Quantité de patrons de l’ancien régime, d’ailleurs, donnaient à leurs ouvriers le principal du salaire en logement et en nourriture. Les industriels anglais, tôt imités par leurs confrères français, n’eurent qu’à continuer cette pratique lors de la création des manufactures.

La seconde caractéristique du régime industriel, l’incertitude du lendemain, contribue pour beaucoup à rendre leur situation intolérable aux ouvriers, qui souffrent plus vivement des maux temporaires d’une crise qui les met en chômage, qu’ils ne souffraient de la misère endémique, palliée de mendicité, où les laissait croupir l’ancien régime. Car ces ouvriers, qui surgissent en 1830 et ne quitteront plus la scène tragique de l’histoire, ne sont pas tous fils des artisans de l’ancien régime. Le régime nouveau a appelé dans les manufactures, les usines, les mines, qui se créent sur tous les points du territoire, une masse paysanne non propriétaire ou propriétaire d’un insignifiant morceau de terre.

Si l’on veut connaître le degré réel de misère des classes populaires, il n’est pas de meilleur moyen que de consulter le coût de consommation du pain et de le comparer au salaire. Les pauvres gens, en effet, font du pain la base de leur alimentation. On peut donc considérer tout ce que leur salaire leur permettra de se procurer en sus de l’alimentation essentielle comme la mesure de leur bien-être, ou plutôt de leur mal-être.

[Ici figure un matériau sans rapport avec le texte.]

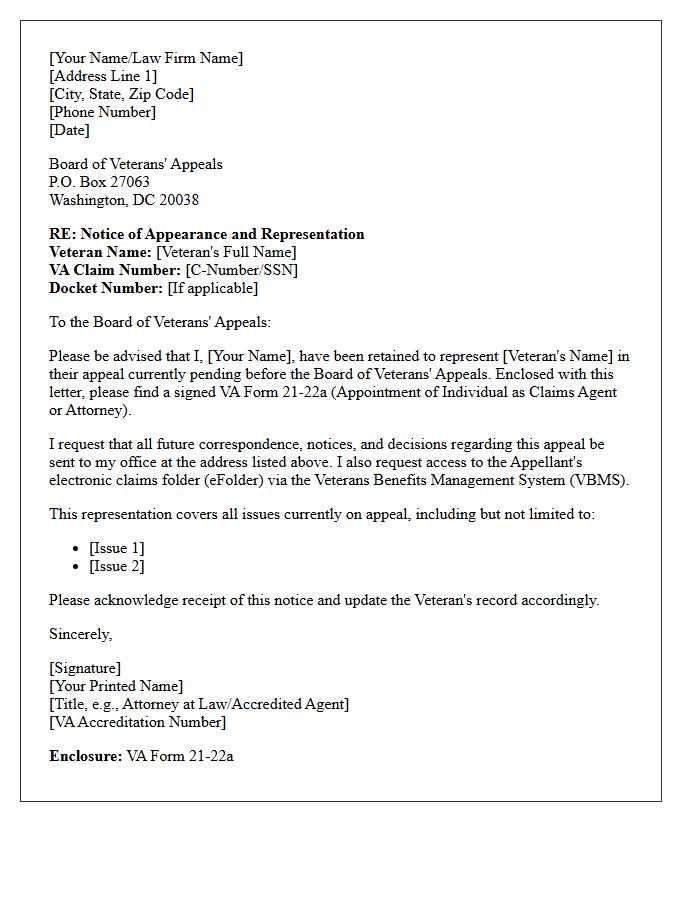 Board of Veterans Appeals Legal Representation Letter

Vauban, en 1698, fixe le salaire moyen d’une famille de quatre personnes à 108 livres par an pour les villes et à 90 livres pour les campagnes ; la dépense pour le pain (méteil) est évaluée par lui à 60 livres. L’ouvrier du temps de Louis XIV consacre donc au pain 60 pour cent de son salaire.

Arthur Young, en 1787, porte le salaire ouvrier moyen à dix-neuf sous par jour et le prix de la livre du pain à deux sous, soit pour quatre personnes huit sous par jour. À la veille de la Révolution, le rapport du prix du pain à celui du salaire est donc, de 42 à 100.

En 1791, Lavoisier établit à 585 livres 13 sous 4 deniers la dépense totale d’un ménage de cinq personnes, et à 144 francs la dépense pour le pain, soit 24 pour cent.

Le baron de Morogues, au lendemain de la révolution de juillet, évalue le gain annuel d’une famille de cinq personnes relativement aisée à 860 francs par an, pour une grande ville, et la dépense pour le pain à 296 francs, soit à 36 pour cent.

Pour une famille urbaine peu aisée, également de cinq personnes, le salaire est réduit à 760 francs, ce qui élève le pourcentage de la dépense pour le pain à 39 pour cent.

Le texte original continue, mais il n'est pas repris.